While the company has always offered such services, LasX decided it was time to codify these practices and “deliver a solution that’s long-term for the customer. That means we tailor the LaserSharp Processing Module to meet [the customer’s] process and tailor the equipment that we deliver,” Dinauer says. By providing long-term solutions, the company builds long-term relationships with its customers.
While happy to assist customers of any size, the solution realization team offers specific benefits for big companies. “The recent trend by large manufacturers is cutting back on some of their internal laser development. It’s a lot of infrastructure to support internal laser development teams, and LasX can get it done much faster,” says Weigman.
In such cases, the Global Solutions Development team is “available to come in and say, ‘We can be your laser experts.’ Weigman continues by saying, ‘Yes, you’ve already worked with this laser resonator manufacturer, you already have a potential solution here, let’s make that into reality.’ We have knowledge of the laser process and we have enough manufacturing and automation knowledge to work with the end users. We provide that bridge.”

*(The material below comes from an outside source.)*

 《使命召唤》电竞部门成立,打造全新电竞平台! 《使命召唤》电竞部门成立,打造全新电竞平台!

LasX continues to operate a European branch in addition to its base in St. Paul. This branch was recently relocated from Frankfurt to Chemnitz, Germany and helps support the company’s international customers in Europe and Asia. For over a decade, a LasX spin-off company called FlexPak Services has also been offering converting services and equipment solutions for the flexible packaging industry. In 2021, FlexPak launched a LasX roll-fed machine called FreshFocus™ that offers speedy laser scoring and perforating to create packaging that is both easy-to-open and breathable. Designed for perishable foods like produce and meat, breathable packages contain tiny holes to allow in oxygen to maintain freshness. FreshFocus extends the life of produce—a boon for wholesalers, grocery stores, delivery companies, and consumers alike.

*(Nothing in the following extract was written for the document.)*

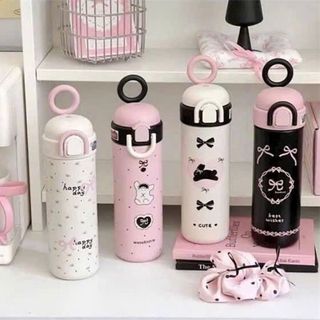 BGN - Bình Giữ Nhiệt Nắp Tròn TTK ( THÙNG 50C )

The FlexPak spin-off is “going very well. FlexPak has been expanding, and has added product development and deployment to FlexPak’s mission,” says Dinauer. FlexPak just released a new degassing vent for coffee packaging—PrimeVent®—for example.

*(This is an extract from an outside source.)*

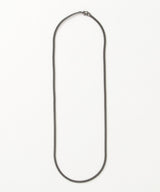 ゲンリ チェーンネックレス / Genri plane chain NECKLACE_gri-N-002 （送料込）ONEDAY KMC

LasX also maintains an ISO 13485-certified division called MicroMed Solutions that manufactures biochips based on microfluidic technology, or the manipulation of minute quantities of fluid. Biochips are specifically designed for use in medical and biological environments, including in-vitro diagnostics, wearable drug delivery, and flow cells. MicroMed utilizes laser processing, chemistry dispensing, and other solutions to manufacture biochips. The technology used by MicroMed to laser cut and ablate microfluidic circuits was developed by members of the Global Solution Development team, says Dinauer.
Going forward, LasX is extremely excited about the upcoming Proton λ product launch, the Global Solution Development team, and the focus toward precision converting. The outlook for LasX’s future is certainly bright.
“Think of Global Solution Development as an incubator for new manufacturing processes and products related to laser material processing. LasX remains focused on maximizing customer experience in incubating new products, new solutions, and new companies,” Dinauer shares.
“Our journey with Global Solution Development is the anchor for the future of LasX. We remain committed to high-speed, high-resolution laser processing,” he says. “Our controls integration of multiple lasers, sensors, robotics, automation, and inspection will yield a lot of new manufacturing solutions designed for flexibility and highly integrated into manufacturing workflow. I know our team of Laser Experts can do it!”